Dal Giappone con furore: per i due giovani da allora in poi fu tutta una discesa. Oggi Naoko è impiegata nel settore import/export e lui è invece capopizzaiolo, cioè un vero e proprio “sensei” con relativi allievi, e lavora in due ristoranti: uno è il “Bamboo” di Omotesando mentre l'altro si trova a Oiso Long Beach, una località marittima simile a Livorno, ed è da rilevare che quest’ultimo sia nella Guida Michelin anche grazie alle sue pizze. Inoltre, in ricordo dei vecchi tempi del Sale, spesso Alberto va a fare surf a Minamiizu. E alla fin fine con la lingua nipponica se l'è cavata bene. 

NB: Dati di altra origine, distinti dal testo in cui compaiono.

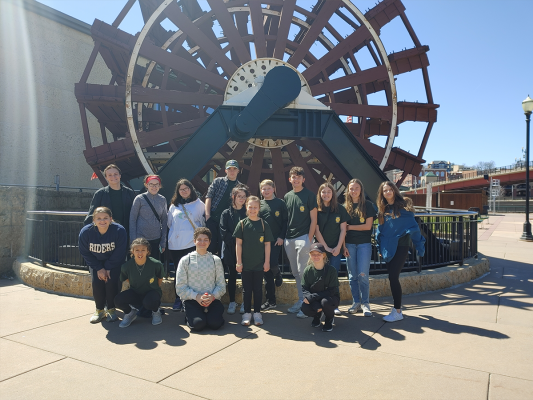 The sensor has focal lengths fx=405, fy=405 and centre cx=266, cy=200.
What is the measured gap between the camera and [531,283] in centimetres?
636

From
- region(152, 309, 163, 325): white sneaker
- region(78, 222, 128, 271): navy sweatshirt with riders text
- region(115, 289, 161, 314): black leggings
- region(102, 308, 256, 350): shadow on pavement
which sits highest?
region(78, 222, 128, 271): navy sweatshirt with riders text

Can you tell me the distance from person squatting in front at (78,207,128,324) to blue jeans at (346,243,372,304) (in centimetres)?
259

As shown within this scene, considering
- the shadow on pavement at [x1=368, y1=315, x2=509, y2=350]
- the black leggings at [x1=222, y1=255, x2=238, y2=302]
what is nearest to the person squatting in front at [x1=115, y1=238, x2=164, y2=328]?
the black leggings at [x1=222, y1=255, x2=238, y2=302]

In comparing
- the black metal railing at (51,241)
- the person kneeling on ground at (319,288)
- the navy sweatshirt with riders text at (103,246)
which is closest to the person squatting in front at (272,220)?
the person kneeling on ground at (319,288)

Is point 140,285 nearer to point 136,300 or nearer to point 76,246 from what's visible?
point 136,300

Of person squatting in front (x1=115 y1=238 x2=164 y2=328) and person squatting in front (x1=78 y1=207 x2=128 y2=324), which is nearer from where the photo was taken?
person squatting in front (x1=115 y1=238 x2=164 y2=328)

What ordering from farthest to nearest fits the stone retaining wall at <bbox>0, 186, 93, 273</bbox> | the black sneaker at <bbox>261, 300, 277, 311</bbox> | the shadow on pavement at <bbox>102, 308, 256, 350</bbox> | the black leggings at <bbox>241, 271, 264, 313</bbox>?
the stone retaining wall at <bbox>0, 186, 93, 273</bbox> → the black sneaker at <bbox>261, 300, 277, 311</bbox> → the black leggings at <bbox>241, 271, 264, 313</bbox> → the shadow on pavement at <bbox>102, 308, 256, 350</bbox>

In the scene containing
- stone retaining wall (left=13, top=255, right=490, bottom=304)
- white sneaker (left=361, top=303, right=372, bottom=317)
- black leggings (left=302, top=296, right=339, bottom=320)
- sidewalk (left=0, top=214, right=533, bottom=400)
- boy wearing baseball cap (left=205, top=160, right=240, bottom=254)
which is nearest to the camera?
sidewalk (left=0, top=214, right=533, bottom=400)

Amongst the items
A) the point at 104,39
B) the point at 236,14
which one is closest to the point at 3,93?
the point at 104,39

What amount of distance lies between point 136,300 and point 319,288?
1950 millimetres

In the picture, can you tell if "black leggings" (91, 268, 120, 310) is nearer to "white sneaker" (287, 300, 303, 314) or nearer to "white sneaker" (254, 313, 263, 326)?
"white sneaker" (254, 313, 263, 326)

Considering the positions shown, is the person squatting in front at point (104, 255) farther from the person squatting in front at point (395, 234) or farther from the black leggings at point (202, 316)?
the person squatting in front at point (395, 234)

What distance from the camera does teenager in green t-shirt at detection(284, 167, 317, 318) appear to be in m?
4.59

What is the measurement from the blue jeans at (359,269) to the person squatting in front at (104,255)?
2.59m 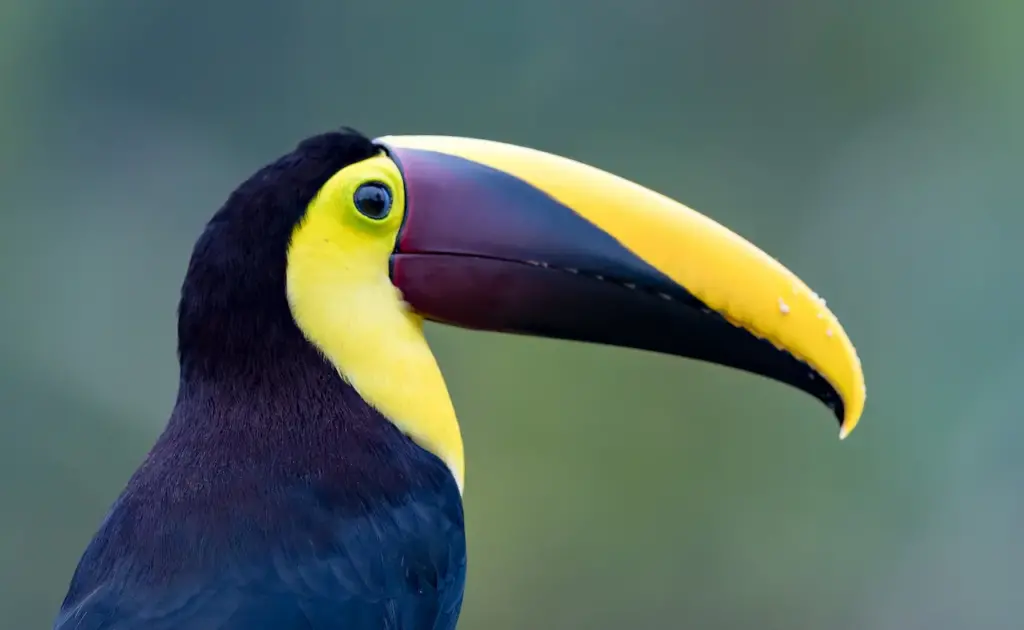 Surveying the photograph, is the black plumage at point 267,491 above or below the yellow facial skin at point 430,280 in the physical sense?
below

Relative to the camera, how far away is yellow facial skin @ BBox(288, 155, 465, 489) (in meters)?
1.34

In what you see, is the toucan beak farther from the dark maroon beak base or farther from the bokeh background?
the bokeh background

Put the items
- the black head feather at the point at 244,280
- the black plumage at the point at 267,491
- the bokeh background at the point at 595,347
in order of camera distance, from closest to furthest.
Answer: the black plumage at the point at 267,491
the black head feather at the point at 244,280
the bokeh background at the point at 595,347

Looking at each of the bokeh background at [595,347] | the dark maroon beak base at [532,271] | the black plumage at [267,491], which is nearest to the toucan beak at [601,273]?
the dark maroon beak base at [532,271]

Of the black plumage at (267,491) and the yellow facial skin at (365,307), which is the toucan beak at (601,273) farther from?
the black plumage at (267,491)

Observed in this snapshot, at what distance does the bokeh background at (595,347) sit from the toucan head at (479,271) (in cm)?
292

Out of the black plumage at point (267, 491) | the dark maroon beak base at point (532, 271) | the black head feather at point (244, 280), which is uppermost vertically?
the dark maroon beak base at point (532, 271)

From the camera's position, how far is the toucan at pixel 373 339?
122 centimetres

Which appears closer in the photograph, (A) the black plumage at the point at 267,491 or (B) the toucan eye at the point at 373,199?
(A) the black plumage at the point at 267,491

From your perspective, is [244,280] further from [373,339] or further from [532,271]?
[532,271]

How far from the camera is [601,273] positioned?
1.40 meters

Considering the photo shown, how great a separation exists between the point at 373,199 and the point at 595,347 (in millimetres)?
3370

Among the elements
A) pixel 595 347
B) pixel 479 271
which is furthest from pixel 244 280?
pixel 595 347

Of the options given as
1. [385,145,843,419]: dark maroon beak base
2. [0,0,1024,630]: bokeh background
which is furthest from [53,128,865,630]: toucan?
[0,0,1024,630]: bokeh background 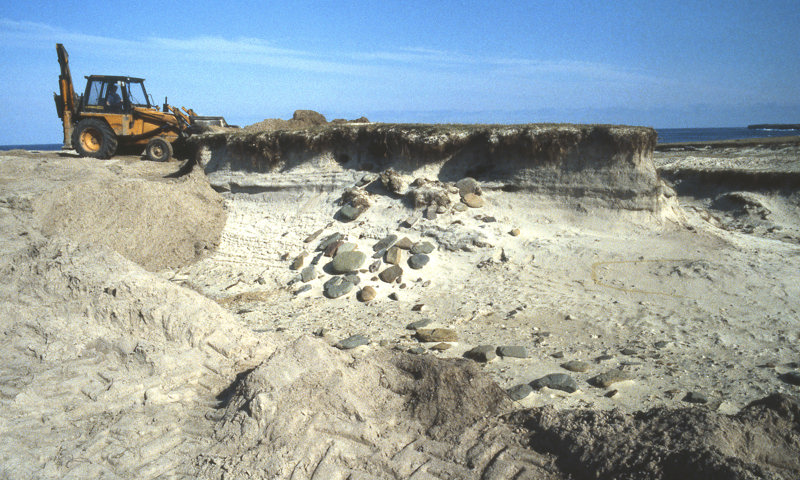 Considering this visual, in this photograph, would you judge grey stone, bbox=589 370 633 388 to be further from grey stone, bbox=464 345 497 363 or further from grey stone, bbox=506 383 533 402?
grey stone, bbox=464 345 497 363

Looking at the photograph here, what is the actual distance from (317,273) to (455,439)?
514cm

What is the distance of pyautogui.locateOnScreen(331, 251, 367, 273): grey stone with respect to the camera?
8008mm

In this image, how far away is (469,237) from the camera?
8.21 metres

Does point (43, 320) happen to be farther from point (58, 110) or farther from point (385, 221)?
point (58, 110)

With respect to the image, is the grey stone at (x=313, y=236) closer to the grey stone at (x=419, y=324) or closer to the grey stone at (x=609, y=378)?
the grey stone at (x=419, y=324)

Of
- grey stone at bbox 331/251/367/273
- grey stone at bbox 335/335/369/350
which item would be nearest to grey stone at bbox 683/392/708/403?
grey stone at bbox 335/335/369/350

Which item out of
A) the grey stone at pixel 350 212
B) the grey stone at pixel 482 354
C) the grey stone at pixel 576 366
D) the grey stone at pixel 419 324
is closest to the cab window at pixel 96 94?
the grey stone at pixel 350 212

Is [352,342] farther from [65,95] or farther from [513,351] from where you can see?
[65,95]

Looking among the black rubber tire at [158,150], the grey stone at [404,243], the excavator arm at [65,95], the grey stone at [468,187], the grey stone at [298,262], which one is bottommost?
the grey stone at [298,262]

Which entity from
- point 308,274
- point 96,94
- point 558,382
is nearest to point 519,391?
point 558,382

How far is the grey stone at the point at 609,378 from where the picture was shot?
15.1 ft

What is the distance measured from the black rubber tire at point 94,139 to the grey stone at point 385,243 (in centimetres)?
963

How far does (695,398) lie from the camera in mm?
4309

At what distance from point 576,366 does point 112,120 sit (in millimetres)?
13993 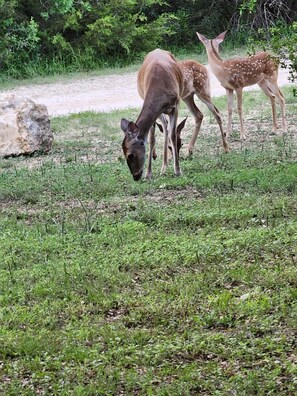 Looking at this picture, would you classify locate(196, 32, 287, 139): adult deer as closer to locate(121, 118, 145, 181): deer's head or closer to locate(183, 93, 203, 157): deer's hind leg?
locate(183, 93, 203, 157): deer's hind leg

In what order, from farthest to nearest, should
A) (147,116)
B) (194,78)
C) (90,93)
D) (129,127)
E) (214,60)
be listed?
(90,93) → (214,60) → (194,78) → (147,116) → (129,127)

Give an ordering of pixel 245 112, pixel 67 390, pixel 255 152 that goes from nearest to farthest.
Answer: pixel 67 390
pixel 255 152
pixel 245 112

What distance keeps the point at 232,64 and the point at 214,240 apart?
624 cm

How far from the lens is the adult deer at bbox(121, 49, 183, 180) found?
963 centimetres

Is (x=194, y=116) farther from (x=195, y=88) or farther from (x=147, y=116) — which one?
(x=147, y=116)

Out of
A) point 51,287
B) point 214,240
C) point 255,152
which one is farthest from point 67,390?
point 255,152

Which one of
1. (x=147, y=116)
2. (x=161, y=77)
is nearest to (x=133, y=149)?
(x=147, y=116)

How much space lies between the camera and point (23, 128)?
40.1ft

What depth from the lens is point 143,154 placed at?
31.7 ft

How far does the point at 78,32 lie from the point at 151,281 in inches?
622

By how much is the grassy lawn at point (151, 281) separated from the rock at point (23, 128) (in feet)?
5.59

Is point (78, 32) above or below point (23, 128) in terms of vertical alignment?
above

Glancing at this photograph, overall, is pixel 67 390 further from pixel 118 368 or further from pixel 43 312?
pixel 43 312

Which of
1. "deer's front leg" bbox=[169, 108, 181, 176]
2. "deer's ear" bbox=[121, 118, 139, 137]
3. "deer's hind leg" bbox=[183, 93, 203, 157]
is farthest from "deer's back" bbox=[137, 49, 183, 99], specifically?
"deer's hind leg" bbox=[183, 93, 203, 157] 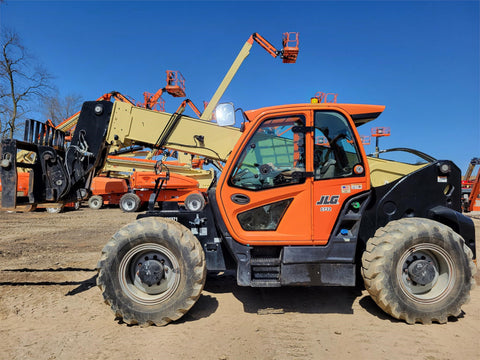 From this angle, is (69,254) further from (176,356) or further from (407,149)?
(407,149)

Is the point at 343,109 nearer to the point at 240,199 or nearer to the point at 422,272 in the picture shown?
the point at 240,199

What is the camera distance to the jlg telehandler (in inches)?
129

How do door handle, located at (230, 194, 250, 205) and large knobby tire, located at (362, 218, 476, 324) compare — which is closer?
large knobby tire, located at (362, 218, 476, 324)

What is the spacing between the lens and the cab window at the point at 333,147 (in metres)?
3.46

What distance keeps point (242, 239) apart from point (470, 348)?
248 centimetres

«Nel 2014 siamo tornati a Livorno – continua – perché la mia nostalgia era tanta. Ma le molte delusioni ci hanno costretti a tornare a Tokyo. Il fatto è che il Giappone, pur con i suoi difetti, in pratica funziona bene su tutti i versanti. Per esempio, il servizio sanitario è eccezionale: puoi fare un check-up completo in un paio d'ore e avere subito i risultati con tanto di medico che te li illustra, senza aspettare mesi». Ma nella testimonianza di Lotti non mancano i “però”: «Ho sei giornate di riposo al mese e quindi ho poco tempo libero per coltivare amicizie, a parte quelle per Antonio “il siciliano” e Maurizio “il fiorentino”, che mi hanno aiutato sin dall'inizio. Purtroppo, in genere, i giapponesi seguono la routine alla perfezione, programmano tutto anche nella vita privata, pensano sempre al futuro e non si godono granché il presente: e questo è un peccato, almeno secondo me. Una volta, mentre lavoravo in un bar-ristorante del distretto di Nakameguro, è entrato un tipo con una bambola gonfiabile vestita da liceale e ha ordinato due caffè. Questo mi ha fatto riflettere su quanto possa essere profonda la solitudine di molti di loro».